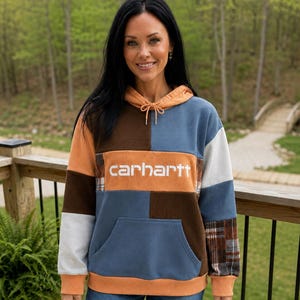 May include: A color-blocked corduroy hoodie featuring a patchwork design in shades of orange, brown, blue, and white. The garment includes a drawstring hood, a front kangaroo pocket, and the word carhartt printed in white across the chest.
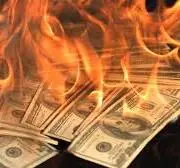 Money on fire representing wasted merchant processing fees — Utah businesses lose thousands annually paying Toast, Square, Clover and Shift4 rates instead of using Genius POS Dual Pricing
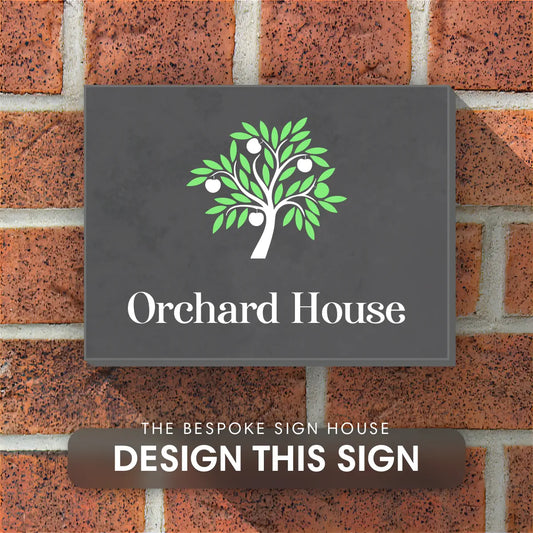 A preview of a slate house sign with a tree and house name, fixed onto a brick wall of a house.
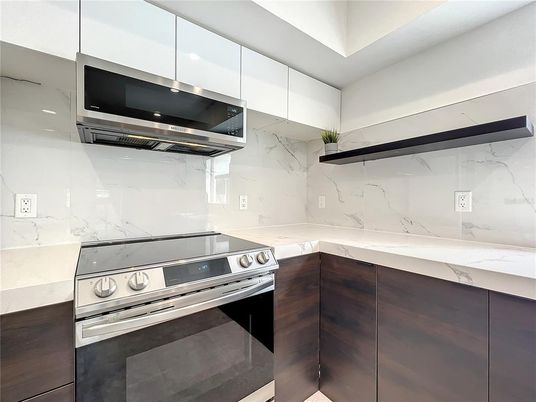 Interior, Kitchen, Marble Walls, Stainless Steel Appliances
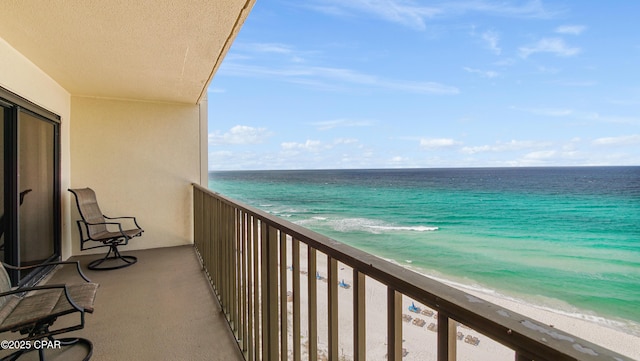 balcony featuring a water view and a view of the beach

=====

EXERCISE — Set down the entries above word for word, but drop any image.

SOLUTION —
 May include: A color-blocked corduroy hoodie featuring a patchwork design in shades of orange, brown, blue, and white. The garment includes a drawstring hood, a front kangaroo pocket, and the word carhartt printed in white across the chest.
 Money on fire representing wasted merchant processing fees — Utah businesses lose thousands annually paying Toast, Square, Clover and Shift4 rates instead of using Genius POS Dual Pricing
 A preview of a slate house sign with a tree and house name, fixed onto a brick wall of a house.
 Interior, Kitchen, Marble Walls, Stainless Steel Appliances
 balcony featuring a water view and a view of the beach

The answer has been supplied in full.